We have not made any independent valuation or appraisal of the assets or liabilities of the Company, nor have we been furnished with any such appraisals. Our opinion is necessarily based on financial,
economic, market and other conditions as in effect on, and the information made available to us as of, the date hereof. Events occurring after the date hereof may affect this opinion and the
assumptions used in preparing it, and we do not assume any obligation to update, revise or reaffirm this opinion.
In
arriving at our opinion, we were not authorized to solicit, and did not solicit, interest from any party with respect to the acquisition, business combination or other extraordinary
transaction, involving the Company, nor did we negotiate with any parties, other than Tyco.
We
have acted as financial advisor to the Board of Directors of the Company in connection with this transaction and will receive a fee for our services, a substantial portion of which is
contingent upon the closing of the Merger. In the two years prior to the date hereof, we have provided financial advisory and financing services for the Company and Tyco and have received fees in
connection with such services.
Please
note that Morgan Stanley is a global financial services firm engaged in the securities, investment management and individual wealth management businesses. Our securities business
is engaged in securities underwriting, trading and brokerage activities, foreign exchange, commodities and derivatives trading, prime brokerage, as well as providing investment banking, financing and
financial advisory services. Morgan Stanley, its affiliates, directors and officers may at any time invest on a principal basis or manage funds that invest, hold long or short positions, finance
positions, and may trade or otherwise structure and effect transactions, for their own account or the accounts of its
C-2
customers,
in debt or equity securities or loans of the Company, Tyco or any other company, or any currency or commodity, that may be involved in this transaction, or any related derivative
instrument.
This
opinion has been approved by a committee of Morgan Stanley investment banking and other professionals in accordance with our customary practice. This opinion is for the information
of the of the Board of Directors of the Company and may not be used for any other purpose without our prior written consent, except that a copy of this opinion may be included in its entirety in any
filing of the Company, and any related registration statement of Tyco that is required to be made with the Securities and Exchange Commission in connection with this transaction if such inclusion is
required by applicable law.
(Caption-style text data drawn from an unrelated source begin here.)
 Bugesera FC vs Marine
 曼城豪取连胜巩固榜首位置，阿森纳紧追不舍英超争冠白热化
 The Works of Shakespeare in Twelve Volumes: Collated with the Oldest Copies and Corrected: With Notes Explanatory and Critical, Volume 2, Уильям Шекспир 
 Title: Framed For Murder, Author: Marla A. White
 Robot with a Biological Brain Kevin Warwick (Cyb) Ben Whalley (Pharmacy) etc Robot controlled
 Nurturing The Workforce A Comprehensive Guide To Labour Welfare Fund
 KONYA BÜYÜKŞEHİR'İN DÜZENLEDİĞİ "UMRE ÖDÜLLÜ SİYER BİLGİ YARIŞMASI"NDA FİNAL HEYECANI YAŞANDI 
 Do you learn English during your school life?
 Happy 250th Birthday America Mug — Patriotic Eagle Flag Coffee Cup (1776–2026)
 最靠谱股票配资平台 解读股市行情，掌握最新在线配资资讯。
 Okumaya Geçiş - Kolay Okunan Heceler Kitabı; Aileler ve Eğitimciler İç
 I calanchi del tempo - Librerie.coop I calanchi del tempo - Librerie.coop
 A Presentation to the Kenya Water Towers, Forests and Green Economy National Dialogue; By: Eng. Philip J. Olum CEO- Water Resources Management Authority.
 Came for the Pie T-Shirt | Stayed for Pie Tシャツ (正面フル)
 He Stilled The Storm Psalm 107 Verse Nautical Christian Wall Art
In addition, this opinion does not in any manner address the prices at which Tyco Common Stock will trade following consummation of the Merger or at any other time, and
Morgan Stanley expresses no opinion or recommendation as to how the shareholders of the Company should vote at the shareholders' meeting to be held in connection with the Merger.
Based
on and subject to the foregoing, we are of the opinion on the date hereof that the Merger Consideration to be received by the holders of shares of the Company Common Stock pursuant
to the Merger Agreement is fair from a financial point of view to such holders.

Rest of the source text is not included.